Y así, una tarde de aquel veraneo en Santa Clara del Mar, Guadalupe (12 años, porteña, gran lectora) se empecinó con sus padres con que quería comprar un libro. Y ocurrió que en la única librería del pueblo (con la que no fue fácil dar, por cierto), atendía un sujeto de esos que parecen ficcionados (gentiles, misteriosos, versados en todo y en nada) y nomás entrar Guadalupe empezó a sondearla para poder recomendarle un libro justo. Pocas preguntas bastaron para hacer una conexión, tan increíble, que parece sacada de la misma hipotética ficción que el librero. “Te voy a recomendar un libro de un autor mexicano que no te va a decepcionar”.
Tres años después, Guadalupe y ese autor mexicano se reunieron en un café para celebrar las posibilidades que brinda la vida cuando se viste de literatura. Es en un mundo que parece imposible (o ficcionado, pues) que un lector viaja miles de kilómetros para hacerse de un volumen de la tercera parte de una saga y poder conocer el barrio en el que los personajes que tanto estima han vivido sus aventuras. Y es en ese mundo en el que el autor que ha trazado tales destinos quiere también vivir. Por eso estas líneas de gratitud. Por eso este gozo que no cabe en el pecho.

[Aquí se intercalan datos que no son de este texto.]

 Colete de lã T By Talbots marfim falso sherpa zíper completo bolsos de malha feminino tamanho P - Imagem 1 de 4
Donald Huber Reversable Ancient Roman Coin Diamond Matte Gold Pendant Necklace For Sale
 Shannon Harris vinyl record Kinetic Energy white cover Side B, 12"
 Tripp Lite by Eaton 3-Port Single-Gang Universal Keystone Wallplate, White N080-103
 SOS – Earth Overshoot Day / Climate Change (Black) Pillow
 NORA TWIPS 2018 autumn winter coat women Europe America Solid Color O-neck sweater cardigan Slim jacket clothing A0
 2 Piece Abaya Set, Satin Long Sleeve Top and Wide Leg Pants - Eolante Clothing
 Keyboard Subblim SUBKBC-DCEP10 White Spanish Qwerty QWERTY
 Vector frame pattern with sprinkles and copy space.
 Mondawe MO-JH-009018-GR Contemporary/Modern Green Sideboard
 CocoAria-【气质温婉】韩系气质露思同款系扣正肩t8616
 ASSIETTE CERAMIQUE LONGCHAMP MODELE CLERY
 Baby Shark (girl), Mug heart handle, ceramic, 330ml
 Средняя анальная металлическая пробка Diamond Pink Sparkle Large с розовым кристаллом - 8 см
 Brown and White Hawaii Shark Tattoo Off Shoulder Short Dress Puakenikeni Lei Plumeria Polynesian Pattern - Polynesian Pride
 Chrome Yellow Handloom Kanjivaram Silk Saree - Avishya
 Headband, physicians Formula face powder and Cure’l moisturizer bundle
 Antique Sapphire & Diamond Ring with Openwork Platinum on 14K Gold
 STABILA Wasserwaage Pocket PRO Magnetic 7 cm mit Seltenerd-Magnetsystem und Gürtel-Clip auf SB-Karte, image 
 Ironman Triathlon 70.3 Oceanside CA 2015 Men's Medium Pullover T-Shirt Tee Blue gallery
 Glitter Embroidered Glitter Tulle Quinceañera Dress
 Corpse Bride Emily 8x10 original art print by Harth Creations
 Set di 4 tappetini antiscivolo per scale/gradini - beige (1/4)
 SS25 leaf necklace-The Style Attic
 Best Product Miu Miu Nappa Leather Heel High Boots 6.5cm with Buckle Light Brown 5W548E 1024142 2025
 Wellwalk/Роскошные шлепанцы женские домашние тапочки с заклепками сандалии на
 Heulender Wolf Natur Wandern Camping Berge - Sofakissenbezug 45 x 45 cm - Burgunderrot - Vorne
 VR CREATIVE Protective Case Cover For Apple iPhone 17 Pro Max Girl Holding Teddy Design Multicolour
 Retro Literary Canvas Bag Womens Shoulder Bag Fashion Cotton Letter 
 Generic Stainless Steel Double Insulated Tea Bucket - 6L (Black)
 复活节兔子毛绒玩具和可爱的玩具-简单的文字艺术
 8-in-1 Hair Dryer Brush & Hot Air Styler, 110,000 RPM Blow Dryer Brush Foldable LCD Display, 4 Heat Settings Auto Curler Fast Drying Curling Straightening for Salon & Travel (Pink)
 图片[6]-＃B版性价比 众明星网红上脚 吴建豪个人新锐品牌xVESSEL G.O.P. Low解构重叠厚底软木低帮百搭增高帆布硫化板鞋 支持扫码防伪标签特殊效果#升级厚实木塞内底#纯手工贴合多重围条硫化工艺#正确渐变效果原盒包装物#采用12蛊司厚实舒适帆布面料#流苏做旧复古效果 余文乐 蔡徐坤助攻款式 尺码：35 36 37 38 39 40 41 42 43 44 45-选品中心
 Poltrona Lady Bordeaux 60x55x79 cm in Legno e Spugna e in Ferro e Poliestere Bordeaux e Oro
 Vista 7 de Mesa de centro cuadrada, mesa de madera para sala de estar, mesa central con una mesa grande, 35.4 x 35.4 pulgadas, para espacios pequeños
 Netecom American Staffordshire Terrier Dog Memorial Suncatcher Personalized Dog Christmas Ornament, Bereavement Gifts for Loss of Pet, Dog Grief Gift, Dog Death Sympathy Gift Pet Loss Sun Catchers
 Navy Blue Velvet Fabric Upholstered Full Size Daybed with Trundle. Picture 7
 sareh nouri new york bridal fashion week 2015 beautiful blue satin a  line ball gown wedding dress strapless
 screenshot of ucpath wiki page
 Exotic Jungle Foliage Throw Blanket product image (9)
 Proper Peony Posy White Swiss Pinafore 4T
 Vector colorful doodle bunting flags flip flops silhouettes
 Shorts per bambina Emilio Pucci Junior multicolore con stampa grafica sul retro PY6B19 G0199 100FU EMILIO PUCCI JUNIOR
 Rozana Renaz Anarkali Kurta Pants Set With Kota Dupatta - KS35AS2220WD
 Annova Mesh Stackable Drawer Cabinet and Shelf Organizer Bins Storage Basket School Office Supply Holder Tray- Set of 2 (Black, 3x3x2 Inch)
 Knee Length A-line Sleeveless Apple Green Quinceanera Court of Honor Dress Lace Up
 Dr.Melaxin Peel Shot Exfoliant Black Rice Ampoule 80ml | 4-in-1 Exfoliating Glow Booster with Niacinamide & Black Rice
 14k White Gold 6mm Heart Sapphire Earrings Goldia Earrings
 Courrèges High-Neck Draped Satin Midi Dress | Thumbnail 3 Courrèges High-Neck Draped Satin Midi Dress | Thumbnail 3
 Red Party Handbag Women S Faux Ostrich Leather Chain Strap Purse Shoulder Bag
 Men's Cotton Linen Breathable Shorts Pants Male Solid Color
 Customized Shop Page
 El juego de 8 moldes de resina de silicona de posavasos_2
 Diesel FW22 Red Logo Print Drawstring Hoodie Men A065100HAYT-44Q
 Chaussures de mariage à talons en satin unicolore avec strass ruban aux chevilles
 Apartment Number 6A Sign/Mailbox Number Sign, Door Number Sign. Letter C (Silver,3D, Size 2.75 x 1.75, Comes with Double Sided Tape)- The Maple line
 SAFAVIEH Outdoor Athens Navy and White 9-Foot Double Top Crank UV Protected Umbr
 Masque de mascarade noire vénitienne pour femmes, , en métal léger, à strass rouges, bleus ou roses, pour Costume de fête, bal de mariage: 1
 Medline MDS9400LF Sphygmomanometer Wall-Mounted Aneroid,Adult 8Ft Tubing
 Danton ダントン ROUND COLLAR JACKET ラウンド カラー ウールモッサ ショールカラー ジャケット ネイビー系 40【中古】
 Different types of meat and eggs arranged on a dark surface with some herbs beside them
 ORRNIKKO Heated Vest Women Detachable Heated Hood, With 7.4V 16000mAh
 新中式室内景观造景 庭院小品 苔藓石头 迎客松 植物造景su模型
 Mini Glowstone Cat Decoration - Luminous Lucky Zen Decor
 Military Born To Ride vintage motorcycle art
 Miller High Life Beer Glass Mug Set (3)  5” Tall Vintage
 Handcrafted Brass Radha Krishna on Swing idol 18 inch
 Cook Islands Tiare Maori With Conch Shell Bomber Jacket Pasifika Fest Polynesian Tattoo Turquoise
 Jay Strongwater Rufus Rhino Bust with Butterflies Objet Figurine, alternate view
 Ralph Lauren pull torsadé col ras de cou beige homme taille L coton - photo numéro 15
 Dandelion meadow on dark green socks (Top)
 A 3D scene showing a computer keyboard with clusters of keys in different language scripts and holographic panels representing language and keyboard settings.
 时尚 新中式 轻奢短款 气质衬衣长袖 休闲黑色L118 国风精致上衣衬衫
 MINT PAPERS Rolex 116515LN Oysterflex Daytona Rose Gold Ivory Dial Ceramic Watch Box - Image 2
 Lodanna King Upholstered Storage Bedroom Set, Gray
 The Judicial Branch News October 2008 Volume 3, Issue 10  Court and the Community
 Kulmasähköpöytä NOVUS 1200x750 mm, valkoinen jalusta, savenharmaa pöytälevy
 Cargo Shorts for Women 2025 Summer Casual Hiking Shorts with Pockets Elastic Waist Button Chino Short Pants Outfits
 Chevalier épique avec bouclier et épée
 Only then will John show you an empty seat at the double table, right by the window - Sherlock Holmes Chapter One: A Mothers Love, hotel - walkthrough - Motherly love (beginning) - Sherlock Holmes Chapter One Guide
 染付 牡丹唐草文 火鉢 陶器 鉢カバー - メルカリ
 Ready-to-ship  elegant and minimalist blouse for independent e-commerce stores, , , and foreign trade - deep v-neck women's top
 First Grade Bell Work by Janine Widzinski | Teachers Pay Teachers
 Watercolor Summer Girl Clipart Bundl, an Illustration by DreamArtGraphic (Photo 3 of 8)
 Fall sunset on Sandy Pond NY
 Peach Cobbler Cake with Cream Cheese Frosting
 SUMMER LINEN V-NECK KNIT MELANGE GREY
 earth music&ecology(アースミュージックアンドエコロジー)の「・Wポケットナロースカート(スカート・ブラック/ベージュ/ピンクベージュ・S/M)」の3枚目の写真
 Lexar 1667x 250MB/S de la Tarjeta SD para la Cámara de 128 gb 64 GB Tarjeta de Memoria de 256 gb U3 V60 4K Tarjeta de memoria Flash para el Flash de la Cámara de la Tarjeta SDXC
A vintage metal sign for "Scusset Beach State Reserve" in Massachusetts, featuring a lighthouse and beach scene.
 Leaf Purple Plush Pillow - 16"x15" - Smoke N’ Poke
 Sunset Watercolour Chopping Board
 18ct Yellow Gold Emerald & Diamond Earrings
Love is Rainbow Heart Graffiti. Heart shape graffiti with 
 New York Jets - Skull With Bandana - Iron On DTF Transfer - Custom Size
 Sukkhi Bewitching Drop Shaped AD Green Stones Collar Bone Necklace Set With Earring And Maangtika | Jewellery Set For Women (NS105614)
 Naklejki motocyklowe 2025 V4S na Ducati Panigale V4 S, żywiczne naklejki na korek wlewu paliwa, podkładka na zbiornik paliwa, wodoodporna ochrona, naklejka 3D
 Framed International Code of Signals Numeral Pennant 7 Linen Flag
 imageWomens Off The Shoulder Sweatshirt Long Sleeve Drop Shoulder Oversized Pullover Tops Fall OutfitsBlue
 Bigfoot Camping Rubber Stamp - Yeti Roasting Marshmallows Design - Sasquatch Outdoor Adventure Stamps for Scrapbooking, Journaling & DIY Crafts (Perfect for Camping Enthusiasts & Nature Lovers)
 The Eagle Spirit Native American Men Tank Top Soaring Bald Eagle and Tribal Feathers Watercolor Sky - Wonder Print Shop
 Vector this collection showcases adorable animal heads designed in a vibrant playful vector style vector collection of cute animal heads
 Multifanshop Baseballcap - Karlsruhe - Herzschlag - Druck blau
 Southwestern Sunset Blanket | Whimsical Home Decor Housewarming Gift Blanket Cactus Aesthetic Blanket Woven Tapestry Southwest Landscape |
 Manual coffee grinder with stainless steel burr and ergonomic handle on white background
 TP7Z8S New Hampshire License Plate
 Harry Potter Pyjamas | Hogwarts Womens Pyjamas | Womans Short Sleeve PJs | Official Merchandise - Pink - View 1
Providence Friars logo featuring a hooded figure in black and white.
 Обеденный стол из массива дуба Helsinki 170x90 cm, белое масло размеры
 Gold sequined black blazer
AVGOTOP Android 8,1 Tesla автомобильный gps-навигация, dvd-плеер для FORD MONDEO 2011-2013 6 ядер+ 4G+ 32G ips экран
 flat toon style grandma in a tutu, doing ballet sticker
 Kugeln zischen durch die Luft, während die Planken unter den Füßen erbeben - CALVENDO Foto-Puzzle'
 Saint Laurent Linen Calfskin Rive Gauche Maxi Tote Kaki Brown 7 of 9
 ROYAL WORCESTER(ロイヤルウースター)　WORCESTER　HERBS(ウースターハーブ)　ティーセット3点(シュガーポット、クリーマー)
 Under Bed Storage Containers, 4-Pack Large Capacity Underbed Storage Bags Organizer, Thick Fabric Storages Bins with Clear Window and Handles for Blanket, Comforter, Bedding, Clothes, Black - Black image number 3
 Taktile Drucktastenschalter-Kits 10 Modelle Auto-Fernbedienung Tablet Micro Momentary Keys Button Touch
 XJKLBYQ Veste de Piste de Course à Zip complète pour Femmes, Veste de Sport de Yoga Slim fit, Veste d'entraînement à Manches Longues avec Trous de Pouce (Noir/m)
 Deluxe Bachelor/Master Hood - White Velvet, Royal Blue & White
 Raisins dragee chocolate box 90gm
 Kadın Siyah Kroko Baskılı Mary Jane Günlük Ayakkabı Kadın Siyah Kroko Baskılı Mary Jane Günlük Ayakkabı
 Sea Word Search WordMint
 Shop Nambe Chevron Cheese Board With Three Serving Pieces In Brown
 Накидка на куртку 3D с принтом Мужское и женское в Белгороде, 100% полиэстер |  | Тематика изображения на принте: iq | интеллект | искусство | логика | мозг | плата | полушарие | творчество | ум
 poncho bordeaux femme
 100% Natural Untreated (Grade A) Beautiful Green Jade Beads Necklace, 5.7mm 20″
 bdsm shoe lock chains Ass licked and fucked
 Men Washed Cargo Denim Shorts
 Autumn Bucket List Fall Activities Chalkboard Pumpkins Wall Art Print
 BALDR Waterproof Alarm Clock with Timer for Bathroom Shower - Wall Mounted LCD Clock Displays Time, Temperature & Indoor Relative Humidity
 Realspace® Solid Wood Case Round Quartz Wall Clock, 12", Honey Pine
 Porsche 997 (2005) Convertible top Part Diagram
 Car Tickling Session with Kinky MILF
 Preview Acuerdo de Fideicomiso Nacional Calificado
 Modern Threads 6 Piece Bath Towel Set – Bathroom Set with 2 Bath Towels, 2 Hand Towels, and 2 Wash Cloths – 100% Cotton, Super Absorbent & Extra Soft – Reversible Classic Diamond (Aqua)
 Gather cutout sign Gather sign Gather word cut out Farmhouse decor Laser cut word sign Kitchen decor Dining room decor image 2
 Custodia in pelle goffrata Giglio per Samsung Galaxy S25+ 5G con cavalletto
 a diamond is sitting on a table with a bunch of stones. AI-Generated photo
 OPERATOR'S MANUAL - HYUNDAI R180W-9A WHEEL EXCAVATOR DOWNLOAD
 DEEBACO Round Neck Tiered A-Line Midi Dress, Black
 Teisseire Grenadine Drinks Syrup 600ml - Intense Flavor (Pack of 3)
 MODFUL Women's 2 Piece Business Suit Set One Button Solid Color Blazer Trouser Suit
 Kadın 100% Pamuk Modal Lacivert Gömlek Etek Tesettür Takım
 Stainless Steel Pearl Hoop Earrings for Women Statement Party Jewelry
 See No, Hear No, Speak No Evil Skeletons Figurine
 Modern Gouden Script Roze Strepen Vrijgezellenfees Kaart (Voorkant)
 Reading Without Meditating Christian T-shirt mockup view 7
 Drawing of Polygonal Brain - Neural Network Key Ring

Justo es que diga que Sergio Mendhoza ha tenido excelentes lectores. Muchos en el DF, bastantes en Monterrey. Y así. Y a todos, uno por uno, los quiero por transferencia: aprecian desinteresadamente a Sergio y yo, nomás por eso, me siento en enorme deuda. Pero también creo que, a pocos días de que yo me enterara que la saga ya está disponible en Amazon, era justo que ocurriera un milagro como el de esta niña argentina que, además, no lee en electrónico (“me distrae, me marea”, sus palabras), porque de repente creo que es posible que en poco, muy poco tiempo, dejen de ocurrir estos prodigios en donde una niña se hace de un libro en la última librería previsible de su país y persigue el mundo desencadenado por ese libro hasta el mismo café en que el autor ha hecho sentarse a sus personajes.
Por eso estas líneas. Por eso esta gratitud inmensa para Guadalupe, claro, pero también, y por supuesto, para aquel portentoso librero que, sin saberlo, consiguió que, por unos instantes, la vida fuera literatura y, la literatura, vida.